I suspect the correct approach would be to have the range over string to
produce 
bytes. If you want decoded values, then run it through an adapter algorithm.

Nov 28 2013

Charles Hixson <charleshixsn earthlink.net> writes:

On 11/27/2013 06:45 AM, David Nadlinger wrote:
 On Wednesday, 27 November 2013 at 12:46:38 UTC, bearophile wrote:
 Through Reddit I have seen this small comparison of Unicode handling 
 between different programming languages:

 http://mortoray.com/2013/11/27/the-string-type-is-broken/

 D+Phobos seem to fail most things (it produces BAFFLE):
 http://dpaste.dzfl.pl/a5268c435

 If you need to perform this kind of operations on Unicode strings in 
 D, you can call normalize (std.uni) on the string first to make sure 
 it is in one of the Normalization Forms. For example, just appending 
 .normalize to your strings (which defaults to NFC) would make the code 
 produce the "expected" results.

 As far as I'm aware, this behavior is the result of a deliberate 
 decision, as normalizing strings on the fly isn't really cheap.

 David

I don't like the overhead, and I don't know how important this is, but 
perhaps the best way to solve it would be to have string include a 
"normalization" byte, saying whether it was normalized, and if so in 
what way.  That there can be multiple ways of normalizing is painful, 
but it *is* the standard.  And this would allow normalization to be 
skipped whenever the comparison of two strings showed the same 
normalization (or lack thereof).  What to do if they're normalized 
differently is a bit of a puzzle, but most reasonable solutions would 
work for most cases, so you just need a way to override the defaults.

-- 
Charles Hixson

Nov 27 2013

Dmitry Olshansky <dmitry.olsh gmail.com> writes:

27-Nov-2013 18:45, David Nadlinger пишет:
 On Wednesday, 27 November 2013 at 12:46:38 UTC, bearophile wrote:
 Through Reddit I have seen this small comparison of Unicode handling
 between different programming languages:

 http://mortoray.com/2013/11/27/the-string-type-is-broken/

 D+Phobos seem to fail most things (it produces BAFFLE):
 http://dpaste.dzfl.pl/a5268c435

 If you need to perform this kind of operations on Unicode strings in D,
 you can call normalize (std.uni) on the string first to make sure it is
 in one of the Normalization Forms. For example, just appending
 .normalize to your strings (which defaults to NFC) would make the code
 produce the "expected" results.

 As far as I'm aware, this behavior is the result of a deliberate
 decision, as normalizing strings on the fly isn't really cheap.

It's anything but cheap.
At the minimum imagine crawling the string and issuing a table lookup 
per codepoint.

 David


-- 
Dmitry Olshansky

Nov 27 2013

Walter Bright <newshound2 digitalmars.com> writes:

On 11/27/2013 12:06 PM, Dmitry Olshansky wrote:
 27-Nov-2013 18:45, David Nadlinger пишет:
 As far as I'm aware, this behavior is the result of a deliberate
 decision, as normalizing strings on the fly isn't really cheap.

 It's anything but cheap.
 At the minimum imagine crawling the string and issuing a table lookup per
 codepoint.

Decoding isn't cheap, either, which is why I rant about it being the default 
behavior.

Nov 28 2013

"Jakob Ovrum" <jakobovrum gmail.com> writes:

On Wednesday, 27 November 2013 at 12:46:38 UTC, bearophile wrote:
 Through Reddit I have seen this small comparison of Unicode 
 handling between different programming languages:

 http://mortoray.com/2013/11/27/the-string-type-is-broken/

Most of the points are good, but the author seems to confuse 
UCS-2 with UTF-16, so the whole point about UTF-16 is plain wrong.

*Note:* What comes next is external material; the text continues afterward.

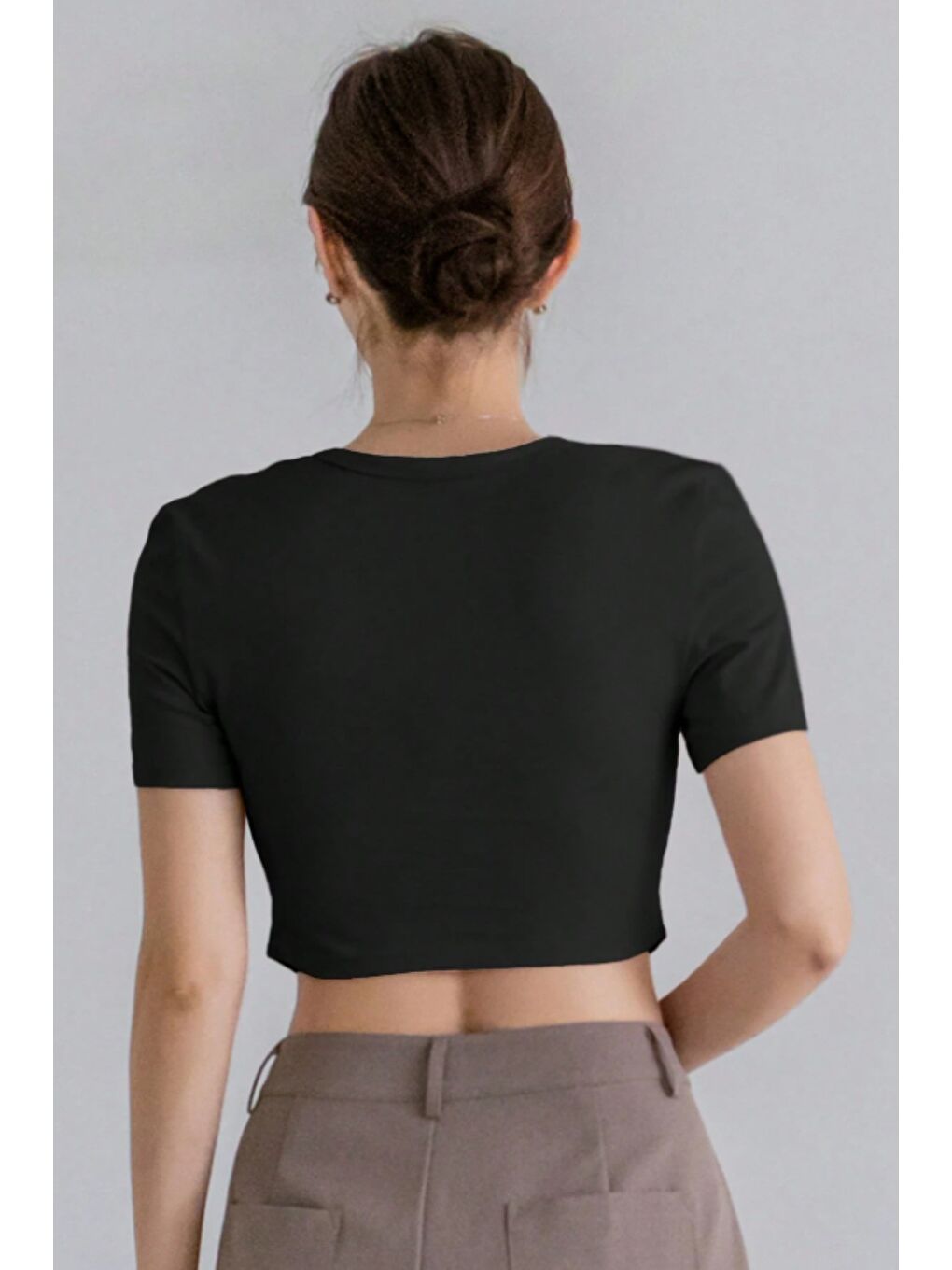 Siyah Kadın Crop Tişört Slim Fit Basic Kısa Kollu Yazlık Üst-5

The author also doesn't seem to understand the Unicode 
definitions of character and grapheme, which is a shame, because 
the difference is more or less the whole point of the post.

 D+Phobos seem to fail most things (it produces BAFFLE):
 http://dpaste.dzfl.pl/a5268c435

D strings are arrays of code units and ranges of code points. The 
failure here is yours; in that you didn't use std.uni to handle 
graphemes.

On that note, I tried to use std.uni to write a simple example of 
how to correctly handle this in D, but it became apparent that 
std.uni should expose something like `byGrapheme` which lazily 
transforms a range of code points to a range of graphemes 
(probably needs a `byCodePoint` to do the converse too). The two 
extant grapheme functions, `decodeGrapheme` and `graphemeStride`, 
are *awful* for string manipulation (granted, they are probably 
perfect for text rendering).

Nov 27 2013

"Wyatt" <wyatt.epp gmail.com> writes:

On Wednesday, 27 November 2013 at 15:43:11 UTC, Jakob Ovrum wrote:
 The author also doesn't seem to understand the Unicode 
 definitions of character and grapheme, which is a shame, 
 because the difference is more or less the whole point of the 
 post.

I agree with the assertion that people SHOULD know how unicode 
works if they want to work with it, but the way our docs are now 
is off-putting enough that most probably won't learn anything.  
If they know, they know; if they don't, the wall of jargon is 
intimidating and hard to grasp (more examples up front of more 
things that you'd actually use std.uni for).  Even though I'm 
decently familiar with Unicode, I was having trouble following 
all that (e.g. Isn't "noe\u0308l" a grapheme cluster according to 
std.uni?).  On the flip side, std.utf has a serious dearth of 
examples and the relationship between the two isn't clear.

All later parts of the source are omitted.